When it comes to saving money, GBTI understands that people are much more likely to develop positive, lifelong savings habits if they start at an early age. This is why GBTI created the Early Savers Club , a program that offers special benefits, such as premium interest rates and gift vouchers, to young savers . Open to children from birth up to the age of 17, the Early Savers Club helps parents and families all over Guyana prepare financially for their children’s education and other future needs, and teach their children about the importance of financial literacy and good savings habits.
Beyond programs like the Early Savers Club, there are all kinds of simple things parents can do at home to help children become responsible savers. Read on for a look at six ways you can encourage your kids to build good savings habits.
Start the conversation.
Not many parents involve their kids in regular discussions about money, but starting this conversation is one of the most important things you can do to teach your kids the importance of financial planning and saving. Talk to your kids about the basic financial choices you make every day, such as which groceries to buy, and include them in discussions about where to spend and where to save. Understanding that money is an important part of daily life is a critical first step in helping kids grasp more complicated ideas like budgeting and saving.
Make sure they have their own money.
Saving money is a habit that requires practice. In other words, to learn about saving through experience, rather than just through conversation, kids need to be in control of their own money. For some families, this might mean giving kids a regular allowance. Some parents give children an allowance for completing daily household chores, while others encourage kids to earn their own small income through simple jobs outside the home, like helping a neighbor.
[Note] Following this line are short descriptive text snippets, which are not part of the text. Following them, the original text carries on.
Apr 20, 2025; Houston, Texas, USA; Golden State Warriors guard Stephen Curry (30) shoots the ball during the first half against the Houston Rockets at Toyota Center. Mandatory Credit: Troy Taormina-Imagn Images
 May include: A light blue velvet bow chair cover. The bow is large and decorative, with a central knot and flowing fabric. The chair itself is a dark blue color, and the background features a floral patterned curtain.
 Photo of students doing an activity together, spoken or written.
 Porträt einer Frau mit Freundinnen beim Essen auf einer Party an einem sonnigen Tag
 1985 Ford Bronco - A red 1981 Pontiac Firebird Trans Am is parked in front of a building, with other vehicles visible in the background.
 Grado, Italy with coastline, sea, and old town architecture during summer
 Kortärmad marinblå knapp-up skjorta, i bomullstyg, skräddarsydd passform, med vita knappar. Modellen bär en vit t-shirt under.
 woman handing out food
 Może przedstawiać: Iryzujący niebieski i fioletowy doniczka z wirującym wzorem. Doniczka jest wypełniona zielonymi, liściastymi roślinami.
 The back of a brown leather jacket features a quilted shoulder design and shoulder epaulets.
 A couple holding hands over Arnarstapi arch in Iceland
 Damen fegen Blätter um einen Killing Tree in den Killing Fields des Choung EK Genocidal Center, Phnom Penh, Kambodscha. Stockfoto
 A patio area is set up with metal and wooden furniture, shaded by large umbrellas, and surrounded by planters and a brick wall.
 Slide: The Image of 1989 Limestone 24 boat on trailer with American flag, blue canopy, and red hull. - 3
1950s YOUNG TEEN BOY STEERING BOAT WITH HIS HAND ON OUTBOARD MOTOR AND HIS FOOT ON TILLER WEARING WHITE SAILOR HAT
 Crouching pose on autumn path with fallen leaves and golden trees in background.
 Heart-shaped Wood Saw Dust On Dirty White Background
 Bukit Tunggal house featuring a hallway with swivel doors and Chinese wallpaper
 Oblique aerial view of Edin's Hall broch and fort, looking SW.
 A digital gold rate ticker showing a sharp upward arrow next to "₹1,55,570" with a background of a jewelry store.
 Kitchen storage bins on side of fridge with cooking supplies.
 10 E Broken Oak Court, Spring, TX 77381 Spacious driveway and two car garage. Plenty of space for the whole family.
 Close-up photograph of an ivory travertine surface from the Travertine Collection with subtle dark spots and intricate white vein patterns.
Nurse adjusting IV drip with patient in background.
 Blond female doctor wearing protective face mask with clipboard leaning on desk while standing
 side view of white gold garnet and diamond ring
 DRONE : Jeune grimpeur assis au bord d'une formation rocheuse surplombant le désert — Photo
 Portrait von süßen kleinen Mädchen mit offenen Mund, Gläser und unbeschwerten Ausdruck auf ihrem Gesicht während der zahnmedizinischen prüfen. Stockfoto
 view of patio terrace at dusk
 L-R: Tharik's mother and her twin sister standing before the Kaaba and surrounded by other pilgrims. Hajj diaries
Whichever option works best for your family, allowing your kids to have their own money is an essential part of building a healthy sense of financial responsibility.
Link savings to a goal.
For most children (and many adults!), it can be hard to truly grasp the importance of saving without a specific goal in mind. To get your kids motivated to save, it’s helpful to have them define a savings goal that they can then work towards. For example, if there’s a particular toy or game that they would like, help them figure out how much it costs, how much money they have right now, and how much more they need to save before they’re able to buy it. Then, you can take the exercise one step further and help them to develop a savings plan: if they need to save GY$10,000 for a toy and their allowance is currently GY$1,000 per week, for instance, help them calculate how long it will take them to meet their goal depending on how much money they save on a weekly basis.
Help them track their spending.
The flip side of saving is spending, and a big part of being a better saver is tracking your spending in order to understand where your money is going. To continue with the example mentioned above, if your kids want to save GY$10,000 for a toy but they find that it’s taking them a long time, get them to write down all the other things they spent money on that week. They may find that the reason why their savings are building up so slowly is because they always buy a snack after school. If something like this is the case, you can work with them to help them understand how changing their spending habits will allow them to reach their savings goal faster.
If your kids don’t seem motivated to save, why not try offering them a financial incentive? For example, if your kids have set a significant savings goal, you could match a percentage of what they save dollar-for-dollar. For every dollar they save, you could contribute 10 cents, or you could offer a one-time financial bonus, such as an extra GY$5,000, when they reach the halfway point of their goal. Incentives like this can greatly boost the appeal of saving rather than spending—after all, it’s essentially like being paid to save your money. Incentives also help your kids learn about the value of matching contribution programs that they might be able to take advantage of later in life, such as employer matches for retirement plans.
Lead by example.
One of the best ways to encourage your children to become lifelong savers is to develop good savings habits yourself. If you haven’t already done so, open your own savings account, start making or increase your contributions to a retirement plan, or build an emergency fund. Then, talk to your kids about what you’re doing. This helps make saving a family activity, and it shows your kids that you truly believe in the importance of the savings lessons you’re trying to teach them.